PATIENTS RIGHT TO VISITATION
Although certainly justifiable amid a pandemic, the effects of restricted visitation policies on the families, friends, and loved ones of hospitalized patients’ is no less devastating. The crippling pain associated with being unable to be with a loved one while they are hospitalized can be unbearable, particularly since visitation is a right mandated by law. Pursuant to the Code of Federal Regulations, visitation rights are guaranteed to hospital patients.
Additionally, both Maryland and Virginia have codified Patients’ Bill of Rights for hospital patients. Maryland explicitly recognizes a patient’s right to visitation, while Virginia does not. As such, denial of these rights can raise complicated legal questions for those affected.
Breach of contract claims in the District of Columbia, Maryland, and Virginia (“DMV”) require 1) the existence of a contract between the parties, 2) an obligation or duty arising out of that contract, 3) breach of that duty or obligation, and 4) damages sustained by the non-breaching party.
Prior to and upon admission to a hospital, whether under emergency circumstances or otherwise, patients may be required to sign an admission agreement, which, among other things, may outline the patients’ rights regarding treatment, financial obligations to the hospital, and any visitation policies. Claimants have filed suit based on hospital admissions agreements to enforce financial obligations of a patient to the hospital, arbitration provisions, quality of care provisions, and forum selection clauses. Consequently, a hospital admissions agreement could also potentially be used as a mechanism for enforcing patient visitation rights. To the extent a hospital admissions agreement contains clauses which allow for and/or guarantee patients’ visitation rights, this may potentially be used as a basis for a breach of contract claim if those rights are refused or denied. By contrast however, the admissions agreement may also contain clauses which allow for the hospital to retain the right to prevent and/or restrict visitation in the event of an emergency or other medically necessary circumstances.

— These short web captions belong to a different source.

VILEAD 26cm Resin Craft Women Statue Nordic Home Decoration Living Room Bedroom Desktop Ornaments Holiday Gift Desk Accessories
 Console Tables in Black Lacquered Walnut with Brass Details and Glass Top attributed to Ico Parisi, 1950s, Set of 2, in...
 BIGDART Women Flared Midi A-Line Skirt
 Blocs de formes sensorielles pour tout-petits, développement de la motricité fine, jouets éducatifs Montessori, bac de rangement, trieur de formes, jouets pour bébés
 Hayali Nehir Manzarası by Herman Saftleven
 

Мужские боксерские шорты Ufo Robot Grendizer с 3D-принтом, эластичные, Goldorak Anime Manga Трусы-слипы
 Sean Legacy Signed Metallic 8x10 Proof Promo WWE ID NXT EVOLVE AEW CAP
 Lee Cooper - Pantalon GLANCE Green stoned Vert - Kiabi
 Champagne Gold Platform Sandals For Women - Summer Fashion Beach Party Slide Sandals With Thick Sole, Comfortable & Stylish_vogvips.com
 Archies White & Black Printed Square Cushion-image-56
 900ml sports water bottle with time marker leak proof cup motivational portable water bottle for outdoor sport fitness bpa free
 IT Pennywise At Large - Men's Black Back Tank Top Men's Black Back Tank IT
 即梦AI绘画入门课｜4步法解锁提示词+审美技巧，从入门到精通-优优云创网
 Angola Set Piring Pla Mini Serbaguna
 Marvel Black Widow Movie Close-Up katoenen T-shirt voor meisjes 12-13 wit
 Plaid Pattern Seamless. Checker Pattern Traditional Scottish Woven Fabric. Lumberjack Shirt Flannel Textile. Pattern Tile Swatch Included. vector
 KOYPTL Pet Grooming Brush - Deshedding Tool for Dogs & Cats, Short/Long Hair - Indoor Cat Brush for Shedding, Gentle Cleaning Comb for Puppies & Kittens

Additionally, to enforce their mandated visitation rights, the affected person(s) may pursue certain types of injunctive relief remedies. One such remedy is a temporary injunction against the hospital to prevent the enforcement of the restricted visitation policies. The DMV Courts all employ a four factor test when assessing whether or not to grant a motion for a temporary injunction. This test includes: 1) likelihood of success on the merits, 2) irreparable harm in the absence of temporary relief, 3) balance of equities in the movant’s favor, and 4) that the grant of the injunction will be in the public interest. Importantly, a temporary injunction is a drastic remedy, and will typically only be granted where there does not exist an adequate remedy at law to address the movant’s injury. To compound the issue, many of the DMV Courts are temporarily closed as a result of the COVID-19 pandemic – which can make pursuing timely injunctive relief more difficult.
EMOTIONAL DISTRESS TORTS
In the longer term, individuals impacted by visitation restrictions could potentially pursue claims of emotional distress, including, but not limited to, negligent infliction of emotional distress and intentional/reckless infliction of emotional distress. The DMV Courts vary in their recognition of emotional distress torts and the factors utilized to assess their viability. Generally, a claim for intentional infliction of emotional distress requires a showing of intentional or reckless conduct that is outrageous and results in severe emotional distress to the claimant. Given that these restricted visitors’ policies have been implemented as a result of a pandemic, establishing a claim for intentional infliction of emotional distress may prove difficult in these circumstances. Notwithstanding this, individuals may also pursue a claim for negligent infliction of emotional distress, which requires a less heightened standard. It should be noted, however, that courts in Maryland and Virginia do not recognize negligent infliction of emotional distress as an independent cause of action absent some accompanying physical harm to a person or property.
VIABILITY OF CLAIMS
There are a litany of issues associated with an individual’s pursuit of relief under any of the causes of action cited above. Certainly, with respect to the visitation rights set forth under federal and state regulations, it is unclear as to whether said regulations create a cause of action for private individuals against hospitals. Breach of contract claims may raise a number of concerns as well, especially regarding enforceability if the patient was admitted under emergency circumstances and was unable to sign the admissions agreement themselves. Furthermore, and as noted above, injunctive relief is a drastic remedy only awarded when there is no adequate remedy at law. Given the court closures implemented as a result of the pandemic, it may be difficult to obtain immediate injunctive relief even if a strong case can be made for an injunction. With respect to emotional distress torts, they are typically difficult to establish as stand-alone causes of action—indeed certain types are not recognized as independent claims by certain DMV courts. Impacted individuals would likely have to include some other cause of action to accompany any emotional distress-type claims. Lastly and perhaps most importantly, states and the federal government have produced a wave of executive action and legislation, both proposed and enacted, to provide certain immunity protections for liability to healthcare professionals, facilities, and volunteers providing treatment to individuals in the midst of this pandemic. Notwithstanding the above, it is important to be aware of the potential legal ramifications associated with restricted visitors’ policies, the potential causes of action and legal actions that could be pursued by individuals impacted by such policies, and the proactive steps that could be taken to protect against liability.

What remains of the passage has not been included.